The six analysis passes

§6.1

Module catalog reconciliation

For each workflow module: does the catalog's declared inputs and outputs match what the form mappings actually imply?

→ analysis-vs-modules.md

§6.2

Module catalog gap analysis

Cluster the orphan fields. Multiple forms missing the same producer is strong evidence for a candidate new module.

→ candidate ADR proposals

§6.3

Envelope schema reconciliation

Resolve semantic conflicts in proposed envelope keys across forms. Promote stable patterns; merge subtle duplicates.

→ analysis-vs-envelope.md

§6.4

Sequencing reconciliation

Compare Kearney's actual case-flow sequence to our hypothesized starter templates. Revise the templates where reality diverges.

→ sequencing-<flow>.md

§6.5

Medium analysis

What stays paper, what becomes digital, what gets scanned and attached. Informs gated approval and signature flows.

→ analysis-vs-envelope.md

§6.6

Workflow composition (deferred)

For each case flow: the complete module pipeline, the fields produced by it, and the fields requiring manual UI entry. Runs after at least one flow is fully approved.

→ workflow-composition-<flow>.md

What comes out the other end

Outputs that unblock the rest of the project.

The forms registry is not a documentation exercise.

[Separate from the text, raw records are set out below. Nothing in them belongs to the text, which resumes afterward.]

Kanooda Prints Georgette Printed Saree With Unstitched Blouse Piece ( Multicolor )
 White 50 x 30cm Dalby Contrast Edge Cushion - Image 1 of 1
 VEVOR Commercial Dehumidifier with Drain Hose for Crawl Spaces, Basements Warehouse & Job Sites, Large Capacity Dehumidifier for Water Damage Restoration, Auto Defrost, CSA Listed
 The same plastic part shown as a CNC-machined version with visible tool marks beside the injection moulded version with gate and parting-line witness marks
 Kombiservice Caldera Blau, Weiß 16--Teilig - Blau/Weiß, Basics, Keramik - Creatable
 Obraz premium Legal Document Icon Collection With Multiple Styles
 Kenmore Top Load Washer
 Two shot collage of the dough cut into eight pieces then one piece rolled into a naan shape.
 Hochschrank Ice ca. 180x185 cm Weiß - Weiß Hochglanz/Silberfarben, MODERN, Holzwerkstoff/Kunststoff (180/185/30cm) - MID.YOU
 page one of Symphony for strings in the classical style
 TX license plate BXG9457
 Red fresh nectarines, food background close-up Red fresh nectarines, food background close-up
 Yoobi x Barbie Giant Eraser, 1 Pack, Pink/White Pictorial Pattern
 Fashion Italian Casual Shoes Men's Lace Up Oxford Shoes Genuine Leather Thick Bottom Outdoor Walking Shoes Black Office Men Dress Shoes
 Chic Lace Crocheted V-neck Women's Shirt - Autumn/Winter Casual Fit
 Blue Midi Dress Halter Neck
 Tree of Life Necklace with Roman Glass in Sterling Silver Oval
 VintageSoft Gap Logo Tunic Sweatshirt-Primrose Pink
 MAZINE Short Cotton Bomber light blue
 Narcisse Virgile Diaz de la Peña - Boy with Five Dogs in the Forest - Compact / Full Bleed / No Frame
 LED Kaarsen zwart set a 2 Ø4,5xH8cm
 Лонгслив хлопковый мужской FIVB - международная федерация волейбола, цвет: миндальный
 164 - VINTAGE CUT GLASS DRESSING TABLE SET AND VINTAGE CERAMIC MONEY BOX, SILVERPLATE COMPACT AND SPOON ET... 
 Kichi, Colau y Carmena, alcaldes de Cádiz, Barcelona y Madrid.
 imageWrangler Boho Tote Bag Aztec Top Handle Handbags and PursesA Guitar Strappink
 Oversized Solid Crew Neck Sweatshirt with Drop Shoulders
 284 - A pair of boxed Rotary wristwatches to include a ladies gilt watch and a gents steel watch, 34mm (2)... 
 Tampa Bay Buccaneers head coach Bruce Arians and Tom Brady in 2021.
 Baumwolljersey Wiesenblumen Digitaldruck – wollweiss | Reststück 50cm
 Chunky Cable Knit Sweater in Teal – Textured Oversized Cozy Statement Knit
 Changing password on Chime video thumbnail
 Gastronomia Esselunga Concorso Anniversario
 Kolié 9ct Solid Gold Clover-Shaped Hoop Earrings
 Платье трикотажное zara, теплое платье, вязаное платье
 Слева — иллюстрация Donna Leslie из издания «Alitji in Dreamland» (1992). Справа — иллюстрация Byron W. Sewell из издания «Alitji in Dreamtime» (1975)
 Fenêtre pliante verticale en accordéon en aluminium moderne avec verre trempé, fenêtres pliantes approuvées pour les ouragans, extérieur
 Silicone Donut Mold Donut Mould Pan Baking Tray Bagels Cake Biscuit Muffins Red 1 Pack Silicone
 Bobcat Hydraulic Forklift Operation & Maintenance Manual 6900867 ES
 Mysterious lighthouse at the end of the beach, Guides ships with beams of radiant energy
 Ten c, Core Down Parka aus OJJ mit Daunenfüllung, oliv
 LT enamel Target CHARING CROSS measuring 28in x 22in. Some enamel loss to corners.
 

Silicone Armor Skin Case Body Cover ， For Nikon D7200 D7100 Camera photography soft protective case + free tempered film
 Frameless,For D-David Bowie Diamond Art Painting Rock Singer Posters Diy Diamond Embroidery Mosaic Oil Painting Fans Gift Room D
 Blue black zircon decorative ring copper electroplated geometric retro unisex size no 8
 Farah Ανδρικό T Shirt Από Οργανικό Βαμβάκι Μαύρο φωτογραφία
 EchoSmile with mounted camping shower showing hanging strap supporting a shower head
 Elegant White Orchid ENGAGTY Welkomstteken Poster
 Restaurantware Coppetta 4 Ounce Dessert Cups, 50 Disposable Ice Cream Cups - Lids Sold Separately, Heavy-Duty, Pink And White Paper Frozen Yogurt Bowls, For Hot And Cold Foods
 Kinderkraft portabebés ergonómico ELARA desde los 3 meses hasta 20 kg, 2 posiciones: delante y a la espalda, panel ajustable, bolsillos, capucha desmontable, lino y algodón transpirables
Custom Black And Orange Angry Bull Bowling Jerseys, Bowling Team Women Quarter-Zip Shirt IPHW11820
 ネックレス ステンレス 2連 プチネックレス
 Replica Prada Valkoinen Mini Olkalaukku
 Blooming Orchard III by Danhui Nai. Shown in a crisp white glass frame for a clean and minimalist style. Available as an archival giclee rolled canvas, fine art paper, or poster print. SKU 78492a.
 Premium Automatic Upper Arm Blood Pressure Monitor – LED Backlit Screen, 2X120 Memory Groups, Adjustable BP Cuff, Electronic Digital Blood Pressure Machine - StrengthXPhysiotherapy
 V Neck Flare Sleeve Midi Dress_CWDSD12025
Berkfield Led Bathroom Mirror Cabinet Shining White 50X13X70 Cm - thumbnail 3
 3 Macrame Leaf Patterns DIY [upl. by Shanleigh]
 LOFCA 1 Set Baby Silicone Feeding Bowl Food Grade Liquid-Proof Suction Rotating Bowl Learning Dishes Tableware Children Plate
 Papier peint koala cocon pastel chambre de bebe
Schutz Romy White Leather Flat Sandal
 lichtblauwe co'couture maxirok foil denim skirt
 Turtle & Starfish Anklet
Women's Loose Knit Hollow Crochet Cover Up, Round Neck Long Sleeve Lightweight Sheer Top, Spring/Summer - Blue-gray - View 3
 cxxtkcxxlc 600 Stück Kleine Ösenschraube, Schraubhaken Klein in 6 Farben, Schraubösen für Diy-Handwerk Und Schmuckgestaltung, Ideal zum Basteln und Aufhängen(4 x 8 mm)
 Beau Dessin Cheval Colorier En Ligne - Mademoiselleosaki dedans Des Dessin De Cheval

Every output feeds a downstream decision — design work, schema migration, ADR proposals, or the customer-facing workflow configuration.

Workflow configurations

For each case flow, the complete module pipeline plus the list of UI inputs Matt needs to design. This is the customer-facing deliverable — what Kearney's workflow actually looks like.

Candidate ADRs

Catalog refinements, new modules, envelope schema changes, schema migrations. All recorded as architecture decisions, not absorbed silently into code.

Design inputs for Matt

Concrete field lists for intake screens, prep room views, family-facing surfaces. Designed against real data, not assumed data.

An asset for every future tenant

Forms catalogued for Kearney are the starting point for funeral home #2, #3, #4. Subsequent onboarding of new funeral homes gets dramatically faster as the vocabulary accumulates.

Where this fits

Kearney first. Everyone else benefits.

Kearney is the first tenant, so its forms are the seed. Every form processed teaches the AI prompts more about what real funeral home data looks like. By tenant #2, most forms will match existing entries — and most workflow configurations will already be defined. The registry is the asset that compounds across tenants; Kearney's work is the cost of building it.

This is also the discovery moment for the product itself. The forms may reveal that some "MVP" features should slip to Phase 2 — or that some "Phase 2" features are actually mandatory. That's the exercise working correctly, not failing.